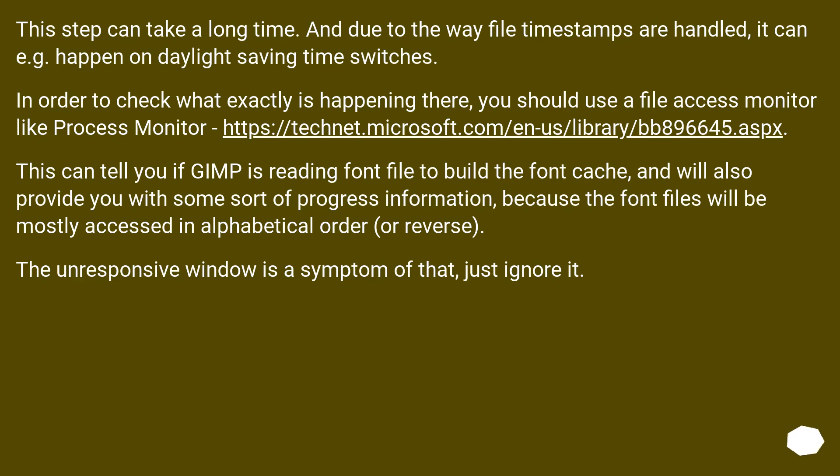This step can take a long time, and due to the way file timestamps are handled, it can, for example, happen on daylight saving time switches. In order to check what exactly is happening there, you should use a file access monitor like Process Monitor.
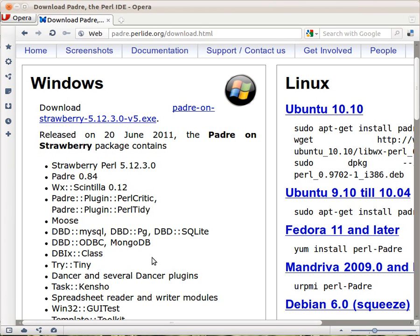So go ahead, install Padre on Strawberry, and let's go to the next chapter. See you next time.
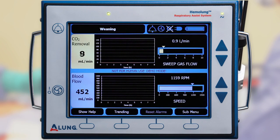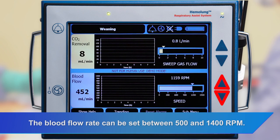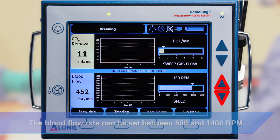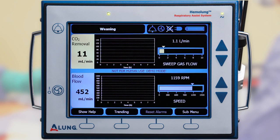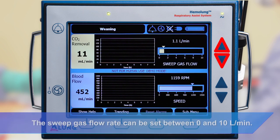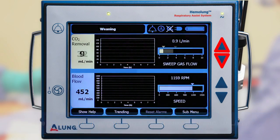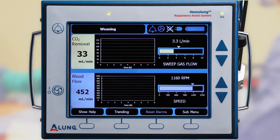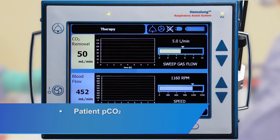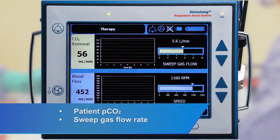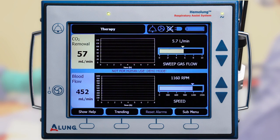To adjust the blood flow rate, use the lower set of arrow keys. To adjust the sweep gas flow rate, use the upper set of arrow keys. CO2 removal is dependent on three fundamental factors: patient PCO2, sweep gas flow rate, and blood flow rate.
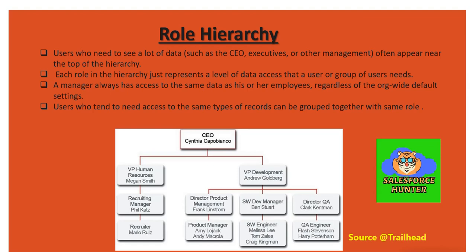Users who tend to need access to the same type of records can be grouped together with the same role. Basically, suppose you are an engineer working under a manager. There would be lots of other engineers like you working under the same manager, and you all would need the same accesses. So you all come under the same role called engineer.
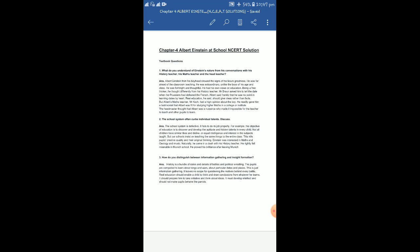Next one: How would you distinguish between information gathering and insight? History is a bundle of dates and details of battles and political wrestling. Because history, obviously when we read history, we find dates and details related with battles and political wrestling. The pupils are compelled to learn about kings and wars, about particular dates and places. The students are actually compelled to learn about kings and wars, about battles and about various dates, when the battles were fought, who won the battle, what are the casualties, everything.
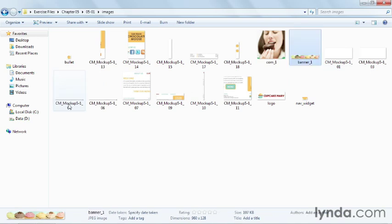There are other workflows available that you can follow when optimizing web graphics, of course, but this way allows you to optimize and save several files in a variety of web formats all at once. All around, slicing images is a very nice way to maximize your time.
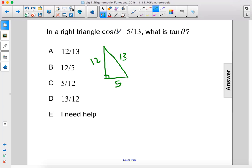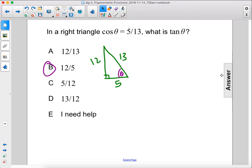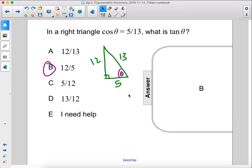Cosine theta equals 5 over 13, which means this is the angle we're dealing with, since cosine is adjacent over hypotenuse. So what's tan theta? Well, that would be opposite over adjacent, so 12 over 5. The answer is B.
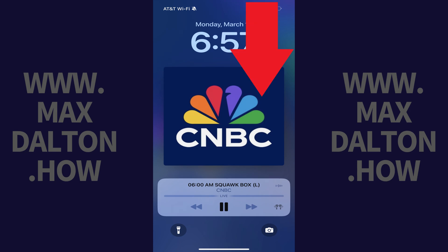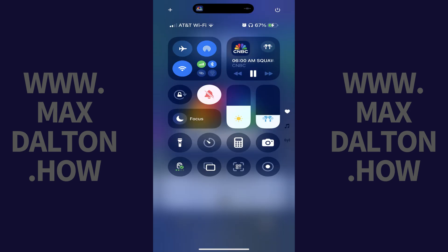Step 1. Swipe down from the top right corner of your iPhone or iPad home screen to access the control center. Step 2. Tap the volume control bar in the control center.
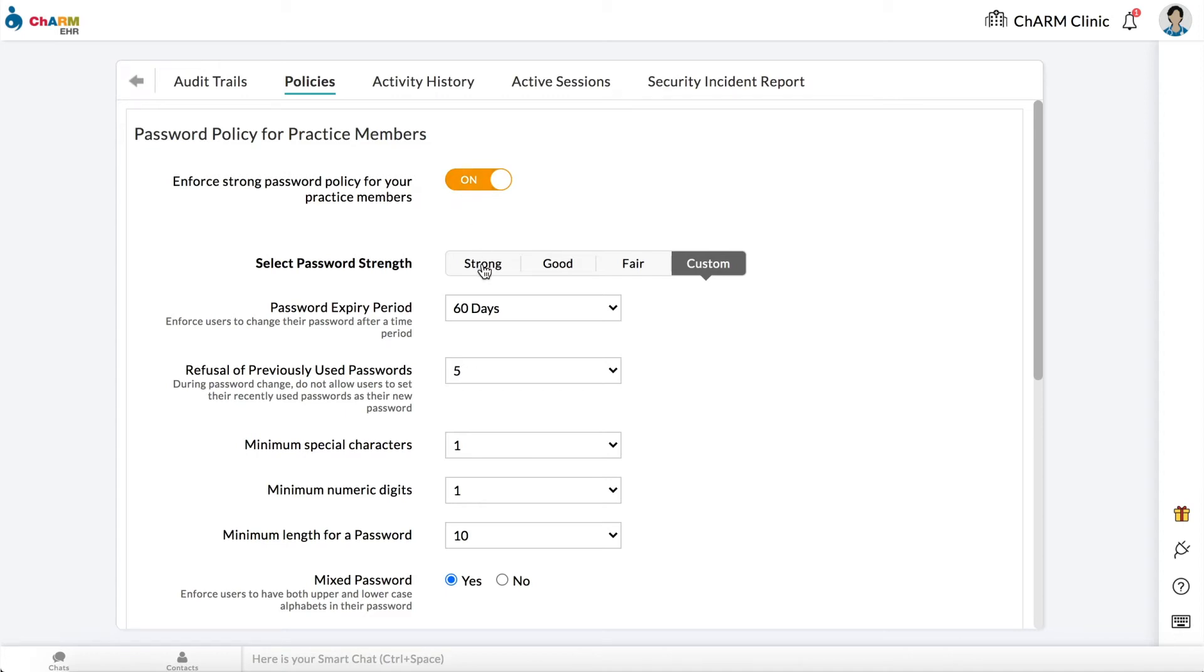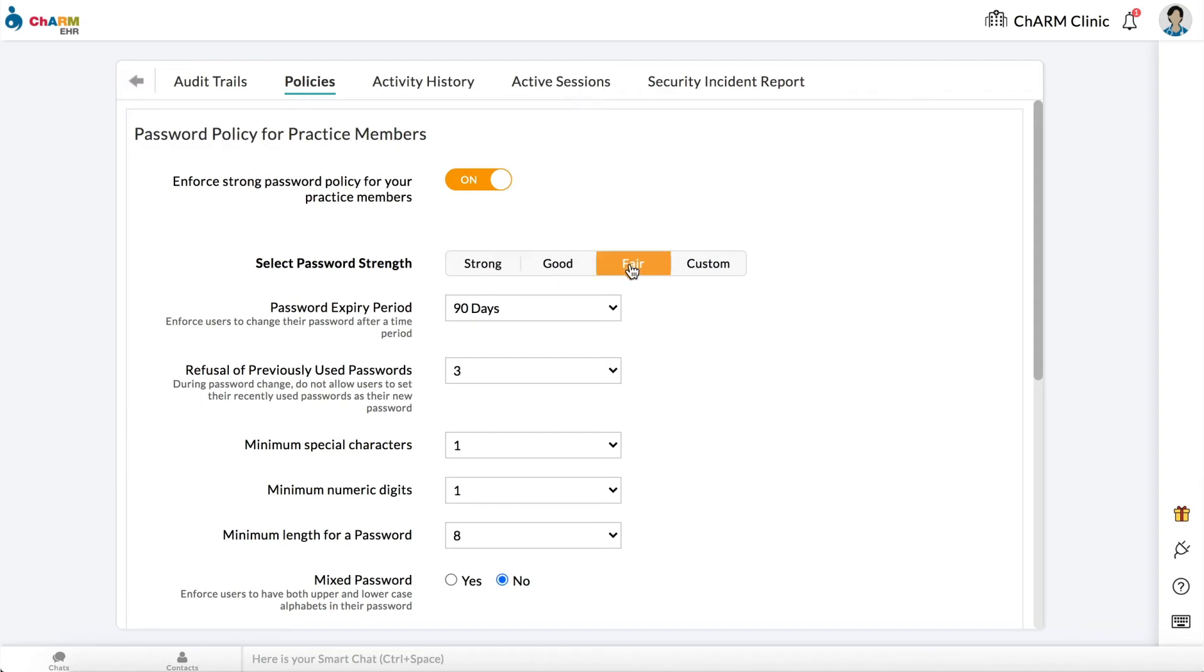Set password strength to strong, good, or fair for pre-configured values of password expiry period, refusal of previously used passwords, minimum special characters count, minimum numeric digits count, minimum length for password, and mixed password requirement.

◇ ◇ ◇ ◇ ◇ ◇ ◇

Task brief:
Give back the material above exactly as it appears, minus the pictures.

Completed task:
This step can take a long time, and due to the way file timestamps are handled, it can, for example, happen on daylight saving time switches. In order to check what exactly is happening there, you should use a file access monitor like Process Monitor.
So go ahead, install Padre on Strawberry, and let's go to the next chapter. See you next time.
To adjust the blood flow rate, use the lower set of arrow keys. To adjust the sweep gas flow rate, use the upper set of arrow keys. CO2 removal is dependent on three fundamental factors: patient PCO2, sweep gas flow rate, and blood flow rate.
Users who tend to need access to the same type of records can be grouped together with the same role. Basically, suppose you are an engineer working under a manager. There would be lots of other engineers like you working under the same manager, and you all would need the same accesses. So you all come under the same role called engineer.
Next one: How would you distinguish between information gathering and insight? History is a bundle of dates and details of battles and political wrestling. Because history, obviously when we read history, we find dates and details related with battles and political wrestling. The pupils are compelled to learn about kings and wars, about particular dates and places. The students are actually compelled to learn about kings and wars, about battles and about various dates, when the battles were fought, who won the battle, what are the casualties, everything.
There are other workflows available that you can follow when optimizing web graphics, of course, but this way allows you to optimize and save several files in a variety of web formats all at once. All around, slicing images is a very nice way to maximize your time.
Cosine theta equals 5 over 13, which means this is the angle we're dealing with, since cosine is adjacent over hypotenuse. So what's tan theta? Well, that would be opposite over adjacent, so 12 over 5. The answer is B.
Step 1. Swipe down from the top right corner of your iPhone or iPad home screen to access the control center. Step 2. Tap the volume control bar in the control center.
Set password strength to strong, good, or fair for pre-configured values of password expiry period, refusal of previously used passwords, minimum special characters count, minimum numeric digits count, minimum length for password, and mixed password requirement.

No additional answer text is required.